═════ Data extract

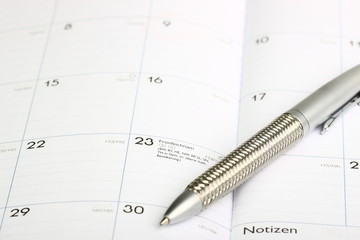 Kalender aufgeschlagen Fronleichnam 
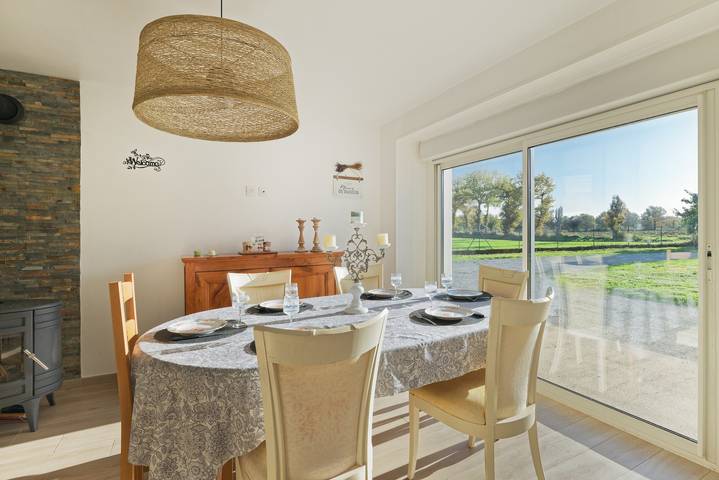 Maison de vacances « La Clairière de Merlin » avec terrasse privée, jardin et Wi-Fi in Néant-sur-Yvel, Région de Vannes
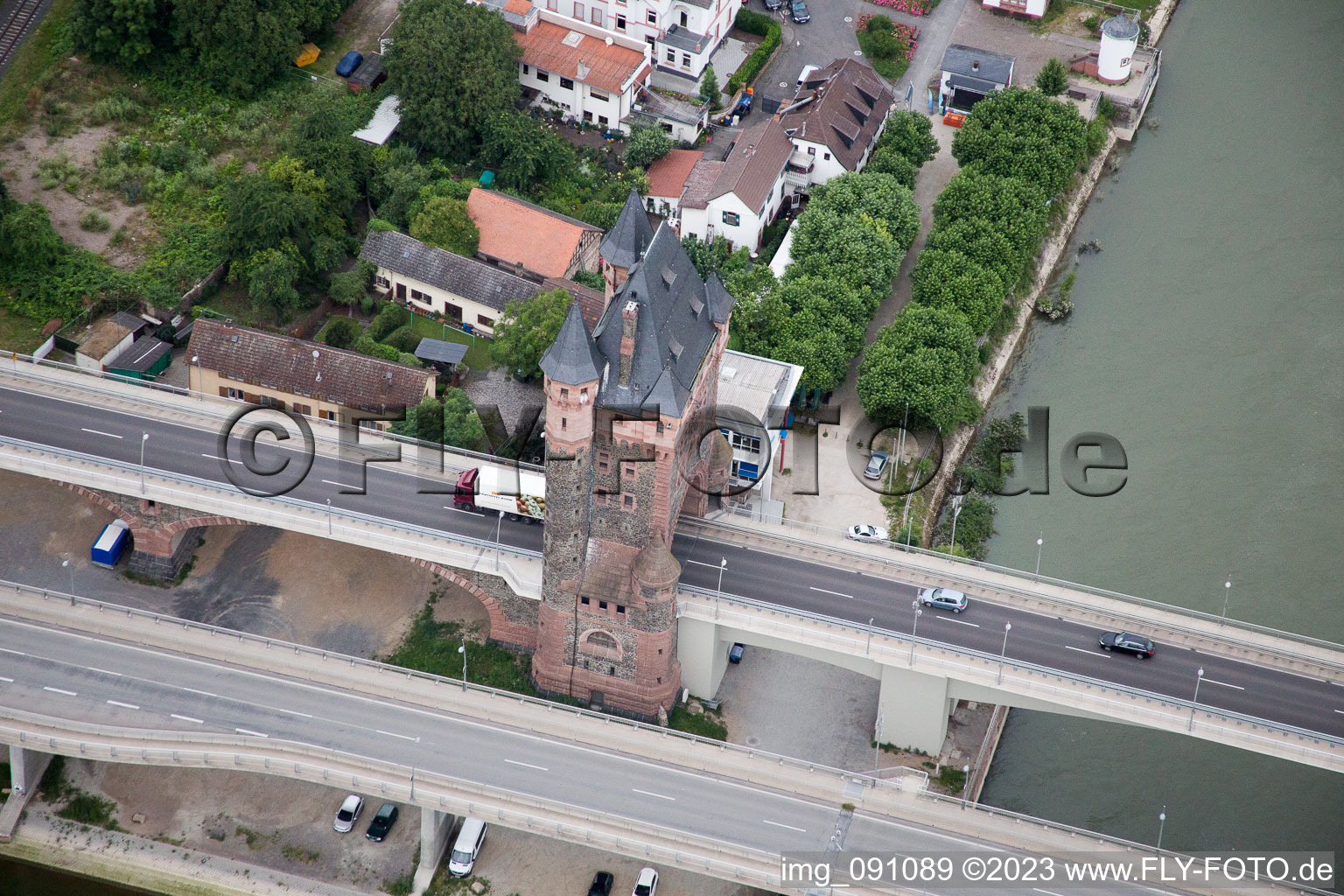 Luftbild von Nibelungenbrücke über den Rhein in Worms im Bundesland Rheinland-Pfalz, Deutschland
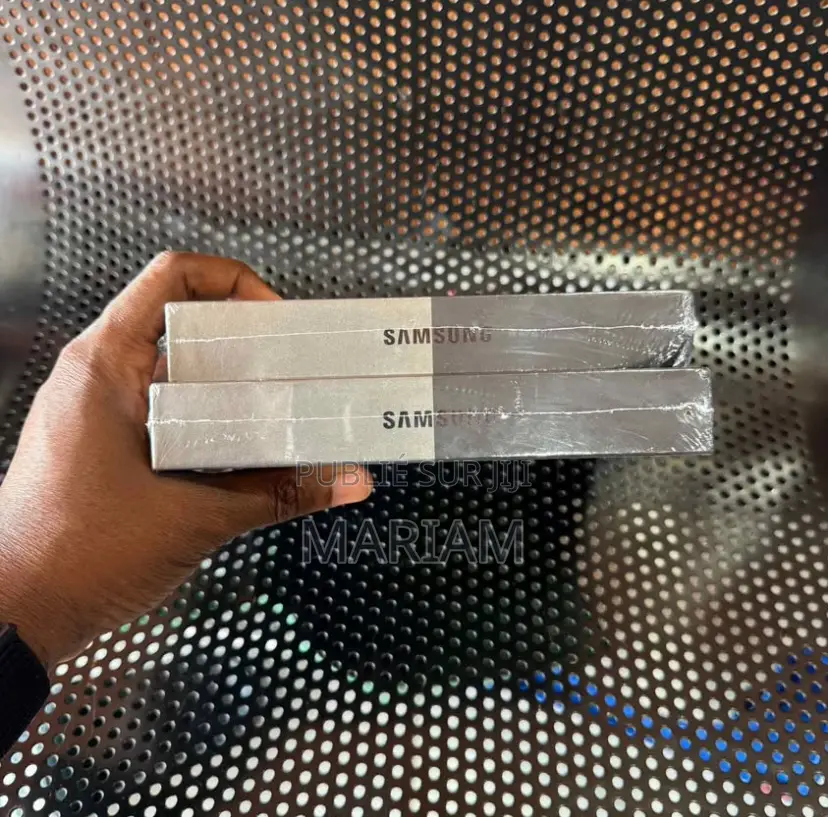 New Samsung Galaxy Z Fold3 5G 256 GB Autre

══════════

* [Exercise instructions] Strip out the pictures and repeat the listing above exactly.

* [Expected answer]
 Kalender aufgeschlagen Fronleichnam 
 Maison de vacances « La Clairière de Merlin » avec terrasse privée, jardin et Wi-Fi in Néant-sur-Yvel, Région de Vannes
 Luftbild von Nibelungenbrücke über den Rhein in Worms im Bundesland Rheinland-Pfalz, Deutschland
 New Samsung Galaxy Z Fold3 5G 256 GB Autre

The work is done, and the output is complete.